Cedric-kopp, an interdisciplinary learner, built a scalar-valued automatic differentiation engine and a multi-layer perceptron from scratch by reproducing Andrej Karpathy's "Neural Networks: Zero to Hero" series, gaining an in-depth understanding of the underlying principles of neural networks and backpropagation. The project documents the complete learning process (including intermediate steps and failed attempts) and uses PyTorch cross-validation to ensure implementation correctness.

## Project Background and Learning Motivation

The author comes from a quantitative analysis/audit background and is pursuing a master's degree in analytics and artificial intelligence, focusing on a thorough understanding of fundamental principles rather than just API calls.
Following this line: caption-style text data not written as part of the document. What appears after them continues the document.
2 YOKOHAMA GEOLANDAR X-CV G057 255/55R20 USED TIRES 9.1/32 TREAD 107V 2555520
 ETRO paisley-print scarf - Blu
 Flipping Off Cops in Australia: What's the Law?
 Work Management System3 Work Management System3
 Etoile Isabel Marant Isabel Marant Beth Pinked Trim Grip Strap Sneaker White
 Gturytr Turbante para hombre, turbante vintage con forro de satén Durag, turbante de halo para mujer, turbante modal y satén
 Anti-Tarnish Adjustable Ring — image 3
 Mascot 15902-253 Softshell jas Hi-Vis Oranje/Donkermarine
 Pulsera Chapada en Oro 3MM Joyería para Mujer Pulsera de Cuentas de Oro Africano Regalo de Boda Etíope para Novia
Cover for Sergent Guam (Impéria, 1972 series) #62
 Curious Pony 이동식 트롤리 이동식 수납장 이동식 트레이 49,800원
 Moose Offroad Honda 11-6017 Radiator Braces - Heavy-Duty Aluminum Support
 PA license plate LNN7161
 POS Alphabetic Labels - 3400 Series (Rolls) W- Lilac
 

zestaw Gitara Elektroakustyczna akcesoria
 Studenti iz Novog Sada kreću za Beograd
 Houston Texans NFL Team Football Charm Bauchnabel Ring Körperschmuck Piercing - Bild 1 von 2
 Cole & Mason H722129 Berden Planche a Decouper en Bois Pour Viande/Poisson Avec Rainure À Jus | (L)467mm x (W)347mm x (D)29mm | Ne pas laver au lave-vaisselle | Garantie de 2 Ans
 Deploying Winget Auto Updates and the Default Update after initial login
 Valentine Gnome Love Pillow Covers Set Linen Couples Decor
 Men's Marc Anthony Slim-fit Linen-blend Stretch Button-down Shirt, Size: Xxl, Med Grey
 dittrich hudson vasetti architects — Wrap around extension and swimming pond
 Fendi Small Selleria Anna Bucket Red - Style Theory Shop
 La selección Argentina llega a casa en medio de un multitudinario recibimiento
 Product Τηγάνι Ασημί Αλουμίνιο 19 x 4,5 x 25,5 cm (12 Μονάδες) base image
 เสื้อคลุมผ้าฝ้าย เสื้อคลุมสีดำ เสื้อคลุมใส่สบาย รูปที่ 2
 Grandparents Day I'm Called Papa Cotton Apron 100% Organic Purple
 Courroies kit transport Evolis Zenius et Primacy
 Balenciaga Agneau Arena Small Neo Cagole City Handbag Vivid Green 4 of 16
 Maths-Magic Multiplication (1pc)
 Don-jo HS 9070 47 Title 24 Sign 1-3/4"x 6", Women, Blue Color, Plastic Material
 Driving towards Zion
The core goal of the project is to establish a deep understanding of the underlying working mechanisms of neural networks and backpropagation, preserving intermediate steps, failed attempts, and dead ends as a learning log to show the real reasoning process.

## Core Technical Implementation: Micro-Gradient Engine

Implemented a scalar automatic differentiation engine and multi-layer perceptron via Jupyter notebooks, with key technical points including:
1. Value class: Stores scalar values, operations, predecessor nodes, and gradients to build the computation graph;
2. Operation backpropagation: Manually implements gradient calculation logic for operations like addition and multiplication;
3. Topological sorting: Ensures gradients propagate from output to input in the correct order;
4. Gradient accumulation fix: Resolves the gradient overwriting issue when nodes are used multiple times;
5. Complete training loop: Implements forward propagation, loss calculation, backpropagation, and parameter updates.

## Learning Methodology and Validation Strategy

Adopted rigorous learning methods:
- Feynman Learning Technique: Annotate derivation processes and error causes in one's own words;
- PyTorch cross-validation: Compare results to verify implementation correctness and understand industrial framework design;
- Preserve learning traces: Deliberately keep intermediate steps and errors to help other learners.

## Project Positioning and Tech Stack Selection

The project is positioned as a reproduction of Karpathy's educational materials (not original, for academic honesty); the tech stack uses Python's basic scientific computing stack, with advantages: minimal dependencies (no GPU required), transparency (no black-box operations), and strong portability.

## Future Plans and Insights for AI Learners

Future plans include completing the makemore project and GPT notebook, with long-term interests in mechanistic interpretability and model alignment; insights for learners:
- Fundamental principles are the cornerstone of long-term development;
- Documenting the learning process helps with review and benefits others;
- Interdisciplinary perspectives enrich the diversity of the field.

## Conclusion

Hands-on implementation is the key to bridging the gap between API calls and principle understanding. This project provides a valuable learning path for in-depth understanding of the underlying mechanisms of neural networks. The best way to learn is to implement concepts you understand by hand, and test the depth of your understanding through detailed problems.